That is, in FIG. 2, the individual electrode conductors 9 are composed of a thin film portion 9a and a thick film portion 9b.

Similarly, the common electrode conductor 8 is also composed of a thin layer portion 8a and a thick layer portion 8b.

By the way, the heat generating resistor 10 usually has a width of about 240 μm (the length in the lateral direction of the drawing), and the thin film portion 9a has a length of about 1 to 2 μm with respect to this width. The thickness of 9a) has a thickness of 0.6 to 0.8 mu m.

In addition, the thickness of the thickness film part 9b is 1.8 micrometers.

Here, the length of the thin layer portion 8a of the common electrode conductor 8 is fixed at 0.5 mm, and the thin film portion 9a of the individual electrode conductor 9 can be changed depending on the type of thermal print head to be manufactured.

Thus, it is also a feature of this embodiment that the thickness film portion 9b of the individual electrode conductor 9, which is the lead electrode, has a thickness of at least 1.8 mu m or more, and the thin film portion 9a is provided near the heat generating resistor 10 at the same time.

By providing this thick film part 9b, the resistance of the individual electrode conductor 9 becomes small, and the thin film part 9a is provided, and the heat dissipation efficiency of the heat generating resistor 10 improves.

In this way, the application time of the battery is shortened and the power consumption is shortened by the reduction of the electrical resistance of the individual electrode conductor 9 as the lead electrode and the improvement of the heat radiation efficiency by the thin film portion 9a.

In addition, in this embodiment, in order to easily form the thickness film portion 9b of the individual electrode conductor 9, this portion uses an inorganic metal paste, while in order to easily form the thin film portion 9a, an organic material is used in this vicinity. Metal paste is used.

This is because the organic metal paste is suitable for forming a thin film, while the inorganic metal paste is suitable for forming a relatively thick film.

In addition, the common electrode conductor 8 is formed by a conventional method, that is, a method of forming a thick layer portion 8b by laminating two or three times to increase the strength of the electrode conductor after forming a thin layer pattern at first. It is possible to do this (the part where lamination is not performed thus becomes the thin layer part 8a).

The equivalent circuit of the drive system of one heat generating resistor of the thermal head according to this embodiment is shown in FIG.

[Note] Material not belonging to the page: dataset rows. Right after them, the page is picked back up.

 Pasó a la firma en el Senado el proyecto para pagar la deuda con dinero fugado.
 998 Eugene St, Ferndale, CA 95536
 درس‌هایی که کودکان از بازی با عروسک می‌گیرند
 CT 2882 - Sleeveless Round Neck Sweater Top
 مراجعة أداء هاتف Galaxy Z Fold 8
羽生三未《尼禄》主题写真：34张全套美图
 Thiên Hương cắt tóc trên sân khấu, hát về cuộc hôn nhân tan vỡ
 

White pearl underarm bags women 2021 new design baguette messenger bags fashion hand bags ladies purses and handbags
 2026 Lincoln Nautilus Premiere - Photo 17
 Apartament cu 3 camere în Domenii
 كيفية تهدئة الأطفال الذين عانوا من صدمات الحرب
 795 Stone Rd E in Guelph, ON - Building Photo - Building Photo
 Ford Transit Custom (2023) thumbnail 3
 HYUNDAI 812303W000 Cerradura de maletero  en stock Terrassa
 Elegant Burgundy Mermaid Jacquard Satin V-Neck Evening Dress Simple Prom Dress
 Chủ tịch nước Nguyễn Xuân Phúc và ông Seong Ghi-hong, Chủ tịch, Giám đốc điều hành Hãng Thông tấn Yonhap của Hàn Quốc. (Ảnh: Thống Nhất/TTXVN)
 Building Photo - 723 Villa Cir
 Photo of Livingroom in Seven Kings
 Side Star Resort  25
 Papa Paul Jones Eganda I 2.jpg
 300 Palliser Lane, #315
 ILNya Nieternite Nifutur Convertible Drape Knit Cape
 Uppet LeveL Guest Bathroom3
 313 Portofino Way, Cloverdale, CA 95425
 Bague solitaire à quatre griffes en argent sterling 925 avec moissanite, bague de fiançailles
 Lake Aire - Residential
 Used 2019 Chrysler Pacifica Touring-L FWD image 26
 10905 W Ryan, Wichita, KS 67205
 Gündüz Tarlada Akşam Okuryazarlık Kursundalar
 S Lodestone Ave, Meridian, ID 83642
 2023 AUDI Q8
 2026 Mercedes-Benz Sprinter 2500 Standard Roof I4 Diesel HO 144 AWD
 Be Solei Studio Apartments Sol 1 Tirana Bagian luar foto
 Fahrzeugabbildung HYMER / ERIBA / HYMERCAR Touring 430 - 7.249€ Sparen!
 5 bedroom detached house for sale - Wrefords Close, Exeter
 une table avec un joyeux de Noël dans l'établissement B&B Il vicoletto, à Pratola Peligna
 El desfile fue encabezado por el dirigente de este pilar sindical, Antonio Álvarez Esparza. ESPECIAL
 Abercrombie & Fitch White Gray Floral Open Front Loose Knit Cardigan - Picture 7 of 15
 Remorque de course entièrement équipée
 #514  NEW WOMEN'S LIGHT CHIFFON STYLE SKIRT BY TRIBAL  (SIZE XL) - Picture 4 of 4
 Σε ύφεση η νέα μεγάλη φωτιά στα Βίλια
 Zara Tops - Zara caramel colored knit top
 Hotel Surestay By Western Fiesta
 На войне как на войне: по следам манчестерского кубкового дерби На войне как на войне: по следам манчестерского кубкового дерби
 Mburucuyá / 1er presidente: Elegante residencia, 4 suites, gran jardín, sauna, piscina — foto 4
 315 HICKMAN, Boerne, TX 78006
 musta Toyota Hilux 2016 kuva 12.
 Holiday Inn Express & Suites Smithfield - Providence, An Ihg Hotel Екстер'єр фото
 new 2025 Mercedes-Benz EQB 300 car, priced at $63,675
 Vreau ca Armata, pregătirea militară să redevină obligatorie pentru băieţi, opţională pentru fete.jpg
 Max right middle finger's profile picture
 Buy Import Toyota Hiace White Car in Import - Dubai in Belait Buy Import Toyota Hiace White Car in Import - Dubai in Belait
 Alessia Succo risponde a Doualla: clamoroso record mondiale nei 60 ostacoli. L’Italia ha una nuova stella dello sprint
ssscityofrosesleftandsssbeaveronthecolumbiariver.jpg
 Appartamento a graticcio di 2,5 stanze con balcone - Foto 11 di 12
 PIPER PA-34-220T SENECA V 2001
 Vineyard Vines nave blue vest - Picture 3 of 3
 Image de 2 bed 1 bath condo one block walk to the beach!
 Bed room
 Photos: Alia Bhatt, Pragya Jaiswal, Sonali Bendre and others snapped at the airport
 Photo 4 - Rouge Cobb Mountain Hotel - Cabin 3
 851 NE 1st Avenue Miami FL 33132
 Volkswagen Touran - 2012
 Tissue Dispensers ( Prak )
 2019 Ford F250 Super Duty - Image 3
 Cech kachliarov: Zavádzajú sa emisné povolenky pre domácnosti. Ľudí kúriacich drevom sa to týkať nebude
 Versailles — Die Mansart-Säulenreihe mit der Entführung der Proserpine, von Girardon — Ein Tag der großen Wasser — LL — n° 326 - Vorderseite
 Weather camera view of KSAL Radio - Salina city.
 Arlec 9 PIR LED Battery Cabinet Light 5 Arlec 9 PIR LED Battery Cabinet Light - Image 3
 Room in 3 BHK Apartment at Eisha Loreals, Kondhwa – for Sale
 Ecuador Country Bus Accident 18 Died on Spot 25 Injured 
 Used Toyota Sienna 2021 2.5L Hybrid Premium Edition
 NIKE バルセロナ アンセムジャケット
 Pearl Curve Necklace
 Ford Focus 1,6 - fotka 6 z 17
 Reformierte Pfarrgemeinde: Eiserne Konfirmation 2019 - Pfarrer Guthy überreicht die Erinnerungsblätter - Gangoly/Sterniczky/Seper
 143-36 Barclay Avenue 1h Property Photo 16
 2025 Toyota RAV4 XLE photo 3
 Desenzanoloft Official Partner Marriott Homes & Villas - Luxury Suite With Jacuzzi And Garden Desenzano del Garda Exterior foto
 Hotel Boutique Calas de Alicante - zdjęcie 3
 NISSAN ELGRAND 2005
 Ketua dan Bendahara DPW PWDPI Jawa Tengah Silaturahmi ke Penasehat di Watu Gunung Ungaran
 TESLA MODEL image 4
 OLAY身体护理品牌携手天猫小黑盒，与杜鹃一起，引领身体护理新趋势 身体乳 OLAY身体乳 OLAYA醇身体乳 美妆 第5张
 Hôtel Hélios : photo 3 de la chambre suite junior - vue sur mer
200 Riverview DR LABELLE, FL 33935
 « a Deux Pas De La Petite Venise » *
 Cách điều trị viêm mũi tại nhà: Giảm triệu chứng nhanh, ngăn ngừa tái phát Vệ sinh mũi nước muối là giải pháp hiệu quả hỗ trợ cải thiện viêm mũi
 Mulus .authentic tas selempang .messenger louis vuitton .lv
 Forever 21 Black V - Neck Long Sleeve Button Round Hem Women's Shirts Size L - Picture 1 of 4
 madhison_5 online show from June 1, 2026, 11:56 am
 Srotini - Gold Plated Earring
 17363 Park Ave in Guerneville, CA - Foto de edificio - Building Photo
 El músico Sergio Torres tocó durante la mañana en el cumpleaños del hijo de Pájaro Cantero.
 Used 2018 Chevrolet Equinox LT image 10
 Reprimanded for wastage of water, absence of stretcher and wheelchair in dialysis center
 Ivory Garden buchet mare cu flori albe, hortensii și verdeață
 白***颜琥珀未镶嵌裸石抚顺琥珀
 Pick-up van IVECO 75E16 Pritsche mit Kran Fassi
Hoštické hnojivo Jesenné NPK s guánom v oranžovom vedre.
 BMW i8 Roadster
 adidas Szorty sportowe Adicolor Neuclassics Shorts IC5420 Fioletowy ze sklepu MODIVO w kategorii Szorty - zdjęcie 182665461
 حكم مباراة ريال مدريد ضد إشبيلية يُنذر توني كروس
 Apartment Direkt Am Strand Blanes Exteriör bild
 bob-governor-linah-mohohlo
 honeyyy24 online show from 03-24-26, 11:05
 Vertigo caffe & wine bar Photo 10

V _COM is the voltage drop of the common electrode part, V _R is the voltage of the heating resistor part, V _lead is the voltage drop of the individual electrode part, V _CR is the output saturation voltage of the semiconductor element 5a, and I ₀ is the individual resistor current.

Here, the conventional driver having a 24V system driver for a power supply and having a resistance value of 5V driving only 45Ω, and a 5V system single driver thermal driver and raising the resistance value up to 65Ω each value Comparing these results in the following table.

In addition, the resistance value of the above-described heat generating unit measured the ON time vs. print concentration of the conventional product of 45Ω and the present Example of 65Ω, respectively, and the results shown in FIG. 4 were obtained.

In Fig. 4, the? Mark indicates the conventional product, the + symbol indicates the present embodiment product, and it can be seen that the printing efficiency of the present embodiment product is increased by about 40%.

In this way, according to the present invention, the ON resistance of the driver semiconductor element is, for example, from 16 [Ω] to 7 [Ω], so that the output saturation voltage can be about 50%. Accordingly, the voltage applied to the heating resistor increases, thereby generating heat. The resistance of the resistor can be increased to about 1.5 times or more.

Therefore, the current consumption of the heat generating resistor can be reduced, high factor efficiency can be obtained with a single power supply, and high speed factor can be obtained, thereby ensuring the life of the battery.

Furthermore, the printer can be made smaller, lighter, and lower in cost.

5 is a diagram showing the configuration of a printing apparatus with a thermal head according to the present invention.

The printing device 40 has an insertion opening 44 for inserting the paper surface 42, a feeding roller 46 for conveying the paper surface, an image sensor 48 for reading the contents of the paper surface, and printing. The printing section 50 and the recording printing platen roller 52 adjacent to the printing section 50 are provided to print the recording sheet 54.

The device then operates using the energy of the power source 56.

When the paper surface 42 is inserted in the insertion hole 44, the paper surface 42 is separated into one by one by the separating means 43 is sent to the image sensor 48.

In this image sensor 48, the shape of the surface of the paper surface 42 is converted into an electric signal, and printing is performed on the recording paper 54 in the printing unit 50 due to the electric signal.

The apparatus also uses the ink ribbon 62 to cope with printing of rough paper.

In addition, although the figure shows the copier provided with a reading mechanism, and FAX, the thermal head which concerns on this invention can be used also for a printer without a reading mechanism.

Claims (14)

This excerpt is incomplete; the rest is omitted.